How would his legs feel? How odd, and strange, and grotesque every
action, attitude, movement, gesture would be. To sleep by himself, eat
by himself, walk by himself--how lonely, how unspeakably lonely! No, no,
any fate but that. In every way and from every point, the idea was
revolting.

This was of course natural; to have felt otherwise would have been
unnatural. He had known no life but a combined one; he had been familiar
with it from his birth; he was not able to conceive of any other as being
agreeable, or even bearable. To him, in the privacy of his secret
thoughts, all other men were monsters, deformities: and during
three-fourths of his life their aspect had filled him with what promised
to be an unconquerable aversion. But at eighteen his eye began to take
note of female beauty; and little by little, undefined longings grew up
in his heart, under whose softening influences the old stubborn aversion
gradually diminished, and finally disappeared. Men were still
monstrosities to him, still deformities, and in his sober moments he had
no desire to be like them, but their strange and unsocial and uncanny
construction was no longer offensive to him.

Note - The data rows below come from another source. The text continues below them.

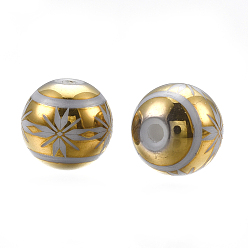 Gold Electroplate Glass Beads, Round with Flower Pattern, Gold, 8mm, Hole: 1mm, 300pcs/bag
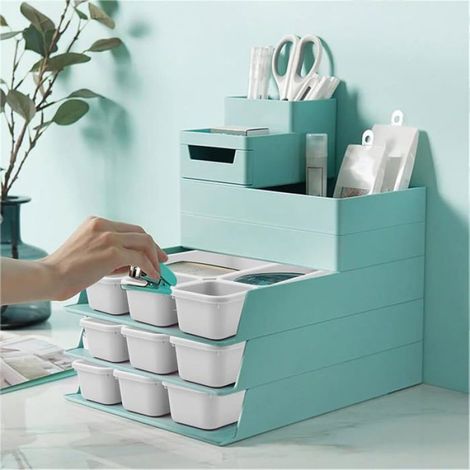 Organisateur De Tiroir - 16 Pièces En Polypropylène Avec 40 Pastilles Antidérapantes En Silicone - Pour Cuisine Bureau Salle De Bain - Lot Complet (1/5)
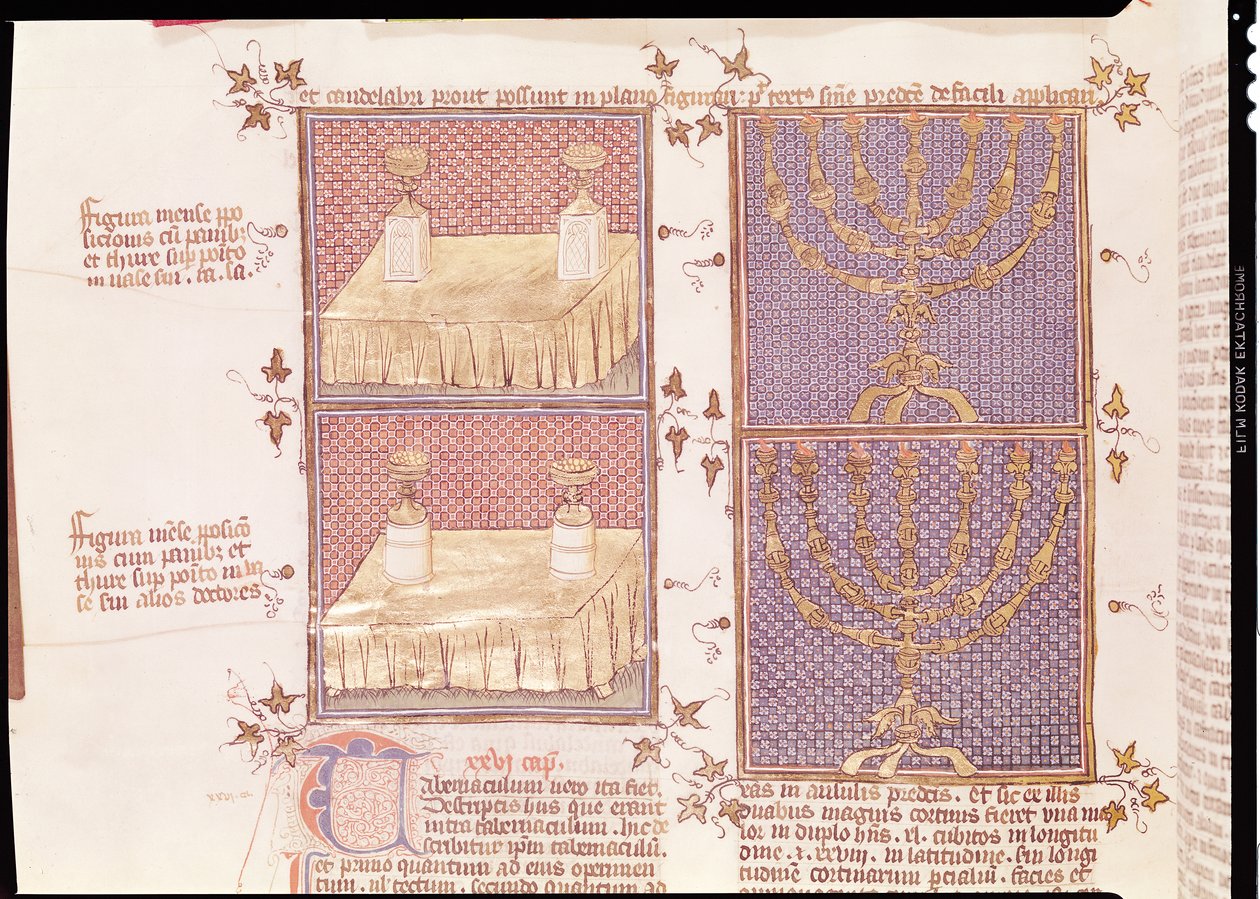 Ms 290 Tome 1 f.89v Offertabel og menoraen, fra Postilles sur la Bible af Nicolas de Lyre af French School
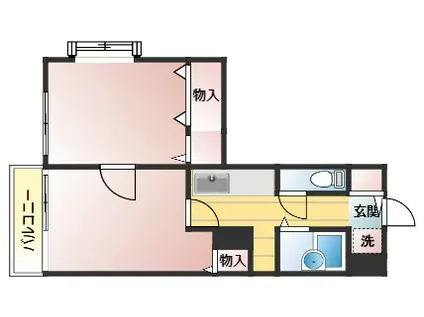 ルネサンス新屋敷(2K/2階)の間取り写真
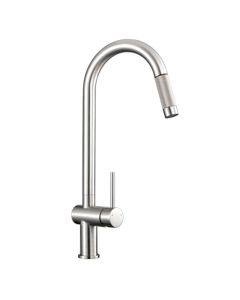 Grande Pull Out Spray Sink Mixer Brushed Steel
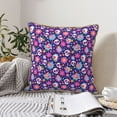 thumbnail image 6 of Fotbe Skull Blue Flower Pattern Velvet Decorative Throw Pillow Covers with Elegant Piping, Soft Plush Cushion Cover for Sofa, Bed, Car, Office-18"x18", 6 of 8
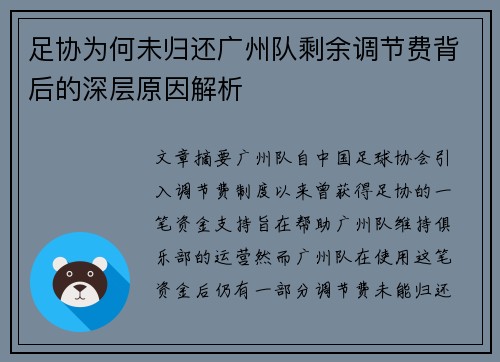 足协为何未归还广州队剩余调节费背后的深层原因解析 足协为何未归还广州队剩余调节费背后的深层原因解析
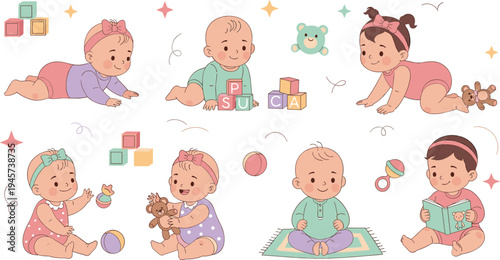 Cute Baby Milestones Clipart Set with Crawling, Sitting, Playing Toys, Reading Book and Educational Blocks for Nursery, Parenting and Childhood Designs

This had been a hard day for him, physically and mentally. He had been
called in the morning before he had quite slept off the effects of the
liquor which Luigi had drunk; and so, for the first half-hour had had the
seedy feeling, and languor, the brooding depression, the cobwebby mouth
and druggy taste that come of dissipation and are so ill a preparation
for bodily or intellectual activities; the long violent strain of the
reception had followed; and this had been followed, in turn, by the
dreary sight-seeing, the judge's wearying explanations and laudations of
the sights, and the stupefying clamor of the dogs. As a congruous
conclusion, a fitting end, his feelings had been hurt, a slight had been
put upon him. He would have been glad to forego dinner and betake
himself to rest and sleep, but he held his peace and said no word, for he
knew his brother, Luigi, was fresh, unweary, full of life, spirit,
energy; he would have scoffed at the idea of wasting valuable time on a
bed or a sofa, and would have refused permission.